Практически то же самое произошло с литературой в период между 1910 и 1920 годом. Доминирующие в эти годы настроения вдохнули новое дыхание всевозможным темам, которые казались устаревшими и примитивными, когда Бернард Шоу и его фабианцы превращали, как им думалось, мир в своего рода огромный город-сад. Такие темы, как месть, патриотизм, изгнание, преследования, расовая ненависть, религиозная вера, верность, поклонение перед вождем, внезапно приобрели черты подлинной реальности.

Тамерлан и Чингисхан кажутся теперь вполне достоверными фигурами, а Макиавелли воспринимается как серьезный мыслитель, что было бы нереально в 1910 году. Мы покинули тихую заводь и пустились в плавание по волнам истории. У меня нет какого-то безоговорочного восхищения писателями начала двадцатых, главными из которых являются Элиот и Джойс. Тем, кто последовал за ними, пришлось развенчать многое из того, что сделали они. Из-за неприязни к поверхностной концепции прогресса, в политическом отношении, они двинулись в ложном направлении, и то, что Эзра Паунд, например, теперь аплодирует антисемитизму по римскому радио – не случайность.

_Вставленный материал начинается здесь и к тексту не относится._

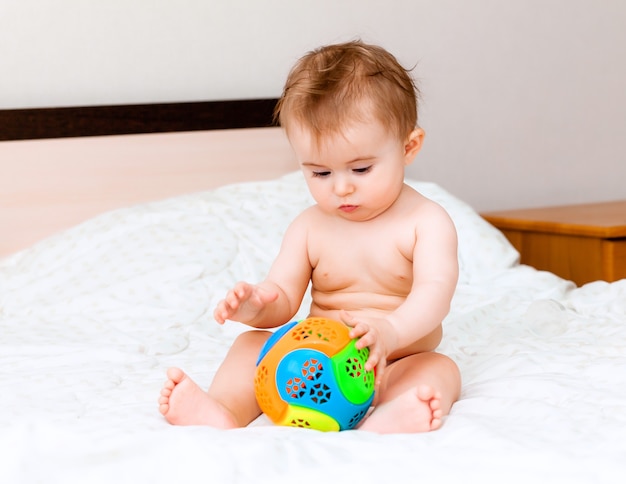 Cute blond baby playing with a ball sitting on the bed in the bedroom. happy baby 6 months old playing with a ball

Но все же следует признать, что сочинения этих писателей отличаются зрелостью и более широким кругозором, чем те произведения, которые писали до них. Они разорвали порочный культурный круг, в котором Англия существовала в течение почти столетия. Они установили связь с Европой, вернули стране чувство истории и реальность трагедии. На этом фундаменте держится вся последующая английская литература, имеющая хоть какое-то значение, и вектор развития, заданный Элиотом и другими в последние годы последней войны, еще не исчерпал себя.